TASK DETAILS: The whole listing below must be printed again exactly, images excluded.

GIVEN MATERIAL:
┄┄┄┄┄┄

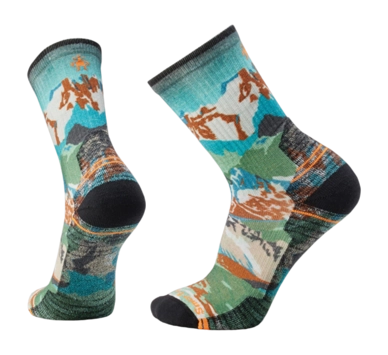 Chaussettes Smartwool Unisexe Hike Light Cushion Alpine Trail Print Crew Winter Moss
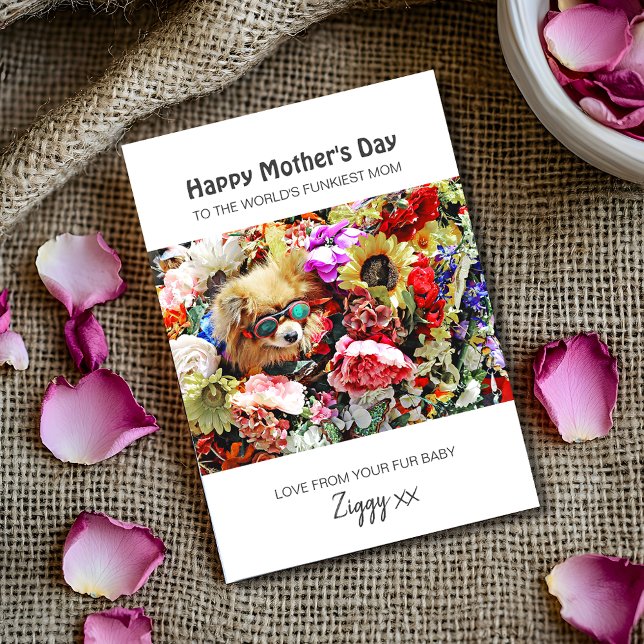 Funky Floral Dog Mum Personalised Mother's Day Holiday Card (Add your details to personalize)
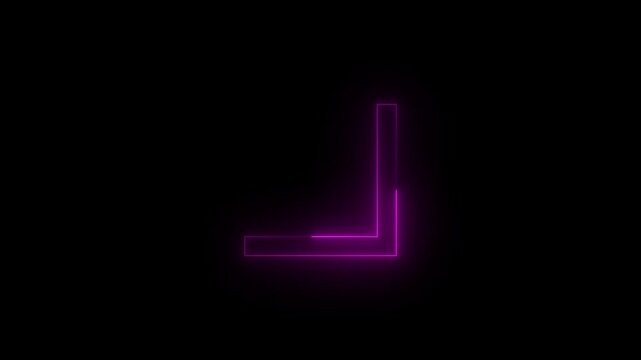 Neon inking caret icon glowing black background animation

┄┄┄┄┄┄

ANSWER AREA:
 Chaussettes Smartwool Unisexe Hike Light Cushion Alpine Trail Print Crew Winter Moss
 Funky Floral Dog Mum Personalised Mother's Day Holiday Card (Add your details to personalize)
 Neon inking caret icon glowing black background animation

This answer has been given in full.